Only 12% said they regularly or consistently deal with staff
issues such as motivation, willingness to go the extra mile and
identification with company goals.
The research canvassed those working in big businesses, but it would be foolhardy to say a lack of employee engagement is a problem that only affects larger companies. The good news is, getting your team fired up is easier the smaller your business is.
Yes, small businesses are closer-knit and more communicative than big firms. Tere are fewer layers of hierarchy the smaller the business is, fewer people messages have to be passed on to, fewer seniors and less time needed to sign off new initiatives. In a small business, staff can usually go straight to the boss with a problem or idea, or straight to the second in command. In a big business, there might be dozens of levels of management before they can get heard.

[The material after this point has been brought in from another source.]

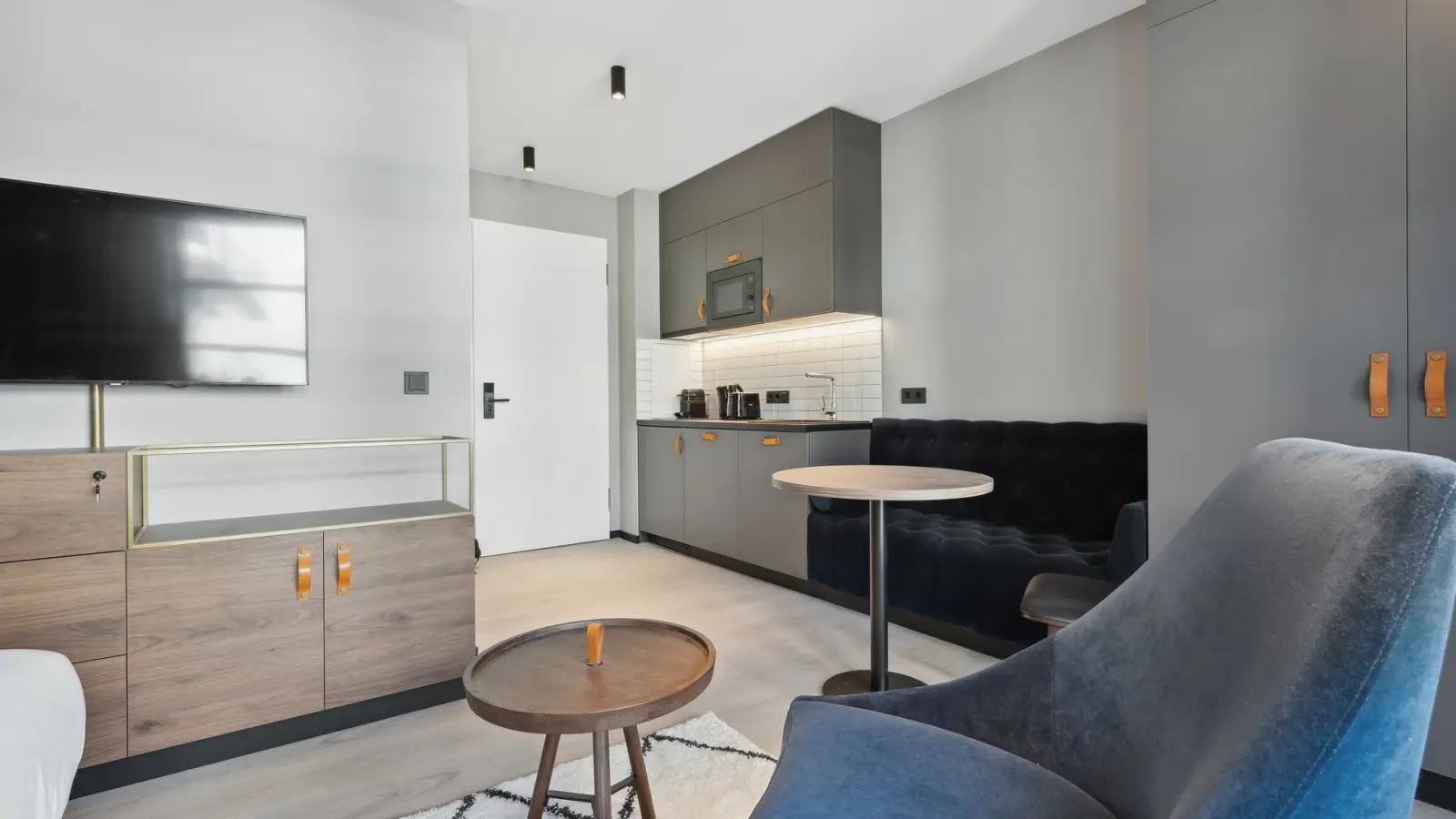 Wohnung Schmidstraße in Berlin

That's why so many people prefer working in small businesses - the speed an idea can be implemented in, the entrepreneurial fast-moving nature, and the access to people of every level within the business. All make for better opportunities to get your views heard. But that certainly doesn't mean small business owners can afford to rest on their laurels, nor that all people working for a small business will feel engaged with their work by default.
So here are our guidelines for keeping employees engaged, to help you avoid being stuck with unmotivated, sluggish and ultimately unproductive teammates:
1. Carry out regular performance appraisals with staff - at least every six months - to let them know how they're doing and to get their feedback on the business and their role. Sort out any problems quickly. Find out more about how to carry out employee performance reviews.
2. Give staff targets. It helps them understand what's expected of them and keeps them motivated. Targets should be quantifiable, realistic and linked to some kind of reward, financial or otherwise, so employees are incentivized to reach and, hopefully, exceed them. Read more about setting targets for your business.
3. Lead by example. You're there to inspire your team and show them how it's done. If you want them to always act and dress the part, you have to too. You set the bar. Keep. Find out more about why it's important to lead by example as a manager.
4. Treat your staff. To keep motivation and general cheeriness and team spirit high, take you team out on jollies and socials. You don't have to break the bank at Michelin-starred restaurants. Getting a few rounds in at the pub or just organizing a day out on a picnic or to the cinema is enough to show them you care.
If you're really tight on funds, introduce things that will make their week: letting them come in at 10am instead of 9am on a Monday morning, or leaving an hour early on Fridays. Group pizza lunches in the office always help brainstorms, too - we speak from experience!
5. Give your team
responsibility. Most people live up to responsibility, and
when you let staff lead on projects it makes them feel trusted, and
therefore valued. No one likes being nannied and patronized. Treat
your staff like adults and let them learn in at the deep end. The
extra responsibility will keep them growing - and personal
development is the best antidote going for job fatigue.
6. Support responsibility-giving by fostering a culture where all ideas are welcome, so team members start developing their own initiatives they can then lead on. This has a double advantage: as well as keeping employees engaged, the business will become more creative and innovative as other people minds work to push it forward, rather than you having to think up and run everything all the time. Your time will be freer to work on top-level strategy.